The Confederation of Real Estate Developers’ Association of India (CREDAI) feels if the State government does not intervene soon, the situation may result in delay in the launch of new projects and cost escalation of the ongoing projects. The final burden will have to be passed on to the end consumers, they feel.

Retrospective clause

The retrospective clause under the RERA will increase the apartment price at least by 15 to 20% for buyers than what they had agreed to pay.

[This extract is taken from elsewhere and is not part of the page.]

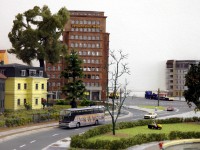 Am Albertplatz. Im Hintergrund das DVB-Hochhaus.
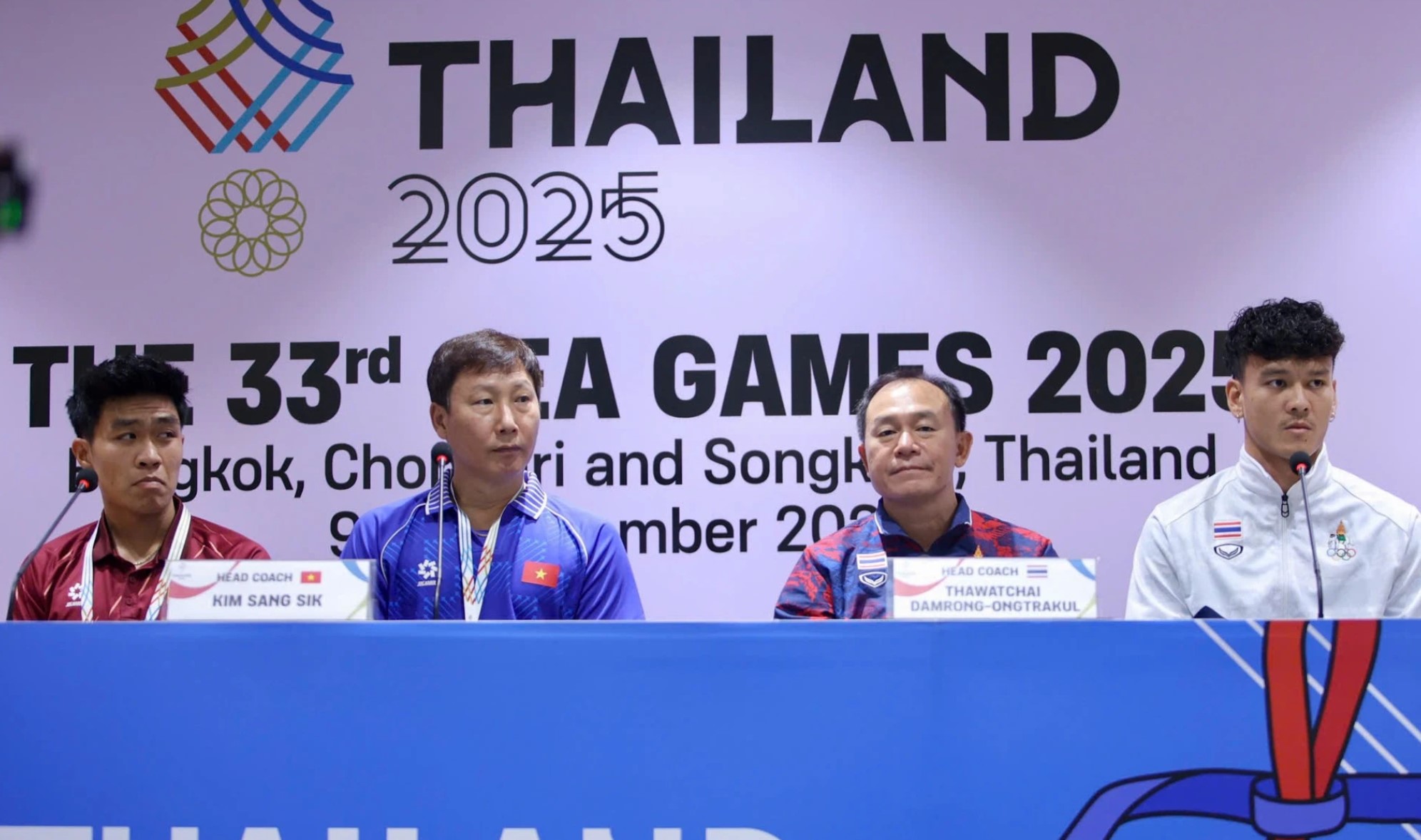 Đối lập với HLV U22 Th&aacute;i 'nổ' mạnh l&agrave; một Kim Sang Sik b&igrave;nh thản v&agrave; khi&ecirc;m tốn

A rough estimate puts the number of apartments under construction at 40,000 to 50,000 in Hyderabad and elsewhere in the State, CREDAI representatives said.

The RERA, 2016, passed by the Centre that came into effect from May, 2017, is welcomed by corporate players and consumers alike as it enables the latter to enforce their rights and seek redressal of grievances from the designated authority and bring transparency into the operations of the sector, besides streamlining it.

But what worries the sector now is the delay by the Telangana government in notifying the rules under the RERA.

“We welcome the RERA, but wish the government is practical in implementing the Act and notifying the rules soon,” say CREDAI sources. So far, 16 States have notified the rules under the RERA, including A.P. and Karnataka. Andhra Pradesh exempted the ongoing projects from RERA rules and Karnataka, like many other States, gave exemption to the ongoing projects with 60% of work done.

About the GST, the Association represented that contrary to ‘one nation– one tax’, it would lead to double taxation on real estate. The GST does not subsume NALA (Non-agricultural land assessment tax), vacant land tax, change of land use tax, city-level impact fee, approval fee and charges, etc., adding to the cascading effect. Thus the government could help by reducing the GST rate on real estate.

They said either registration charges may be subsumed under the GST or relief on land value or instead of 12%, the rate may be reduced to 5% since there is no refund of the overflow of credit.

A majority of goods for construction like cement are under 28% tax slab. The input tax credit for the ongoing projects, reduction of rate for pre-cast building products from 28% to 18% and GST exemption for economically weaker and lower income group housing are what the real estate sector is banking on.